Right after their installation, End Station, opened at the Bohen Foundation (415 West 13th Street, Tu-Sa 12-5), I did a back and forth email interview with Michael Elmgreen and Ingar Dragset for the NY Times. The paper ended up reviewing the installation and not using this piece [I’ll get you, Roberta Smith! And your little– oh, never mind.], so here it is in its entirety, cleaned it up a bit, but with all my essay questions in their full, self-important glory.
GA: When did you know you would create a subway platform?
E+D: The Bohen foundation is located in the heart of the Meat Packing district, a once seedy area now packed with exclusive membership clubs and high end fashion stores. We lived around the corner only six years ago, and remember a considerably bigger amount of exposed flesh around – both animal and human.
We were toying with the idea of recreating something of the lost, recent history, but soon found it a bit too obvious and deadpan to just restage one of the old dirty bars which used to be in the area.
GA:So was there an initial idea or discussion to recreate a sex club?
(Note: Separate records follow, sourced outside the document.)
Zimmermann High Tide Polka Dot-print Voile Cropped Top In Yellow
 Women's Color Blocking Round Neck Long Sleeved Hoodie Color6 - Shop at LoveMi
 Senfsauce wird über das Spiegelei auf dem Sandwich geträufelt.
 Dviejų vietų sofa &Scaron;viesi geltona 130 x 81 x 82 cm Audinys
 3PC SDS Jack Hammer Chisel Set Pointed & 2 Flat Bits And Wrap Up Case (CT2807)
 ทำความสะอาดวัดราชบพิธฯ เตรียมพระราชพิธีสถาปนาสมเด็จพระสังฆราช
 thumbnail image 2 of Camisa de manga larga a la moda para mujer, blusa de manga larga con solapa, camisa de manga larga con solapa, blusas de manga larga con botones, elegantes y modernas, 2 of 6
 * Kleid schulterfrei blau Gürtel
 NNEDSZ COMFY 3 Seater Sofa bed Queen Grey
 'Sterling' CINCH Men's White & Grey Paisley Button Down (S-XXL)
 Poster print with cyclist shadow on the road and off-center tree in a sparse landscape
It seems like that would be within the scope of your early work together in the Powerless Structures series, which made references to queer space and the issues of gender-identified architecture and constructs. Still, I can understand if the Bohen Foundation didn’t want people hooking up in their basement.
E+D: We somehow wanted to dig a bit deeper (no pun intended) into “the erroneous machinery” of one’s memory. We wanted to make something that could somehow show in what ways we carry images in our minds that are no longer actual or accurate – how memory plays tricks with us – and we came up with the idea to build up a 13th St subway stop that had never existed. It seemed more interesting to us to address questions of history, memory and gentrification through this kind of falsification and by displacement rather than through a direct and totally realistic recreation of something from the past.
GA: Did it emerge from a story or narrative, or did you conceive a narrative in order to drive the work?
E+D: The fact that the whole situation was invented, gave us more freedom in regard to creating a narrative with both personal and historic references – mixed up and confused.
But in the end the main narrative might be the one that unfolds itself as the spectator goes down the stairs inside an art space and suddenly finds him- or herself situated on a platform, performing the role of a passenger waiting for a train that obviously never will arrive. The longer you stay down there, the more you fulfill this role. The more you look for details, cues and fakes, the more you add to the (sur)realism of the situation.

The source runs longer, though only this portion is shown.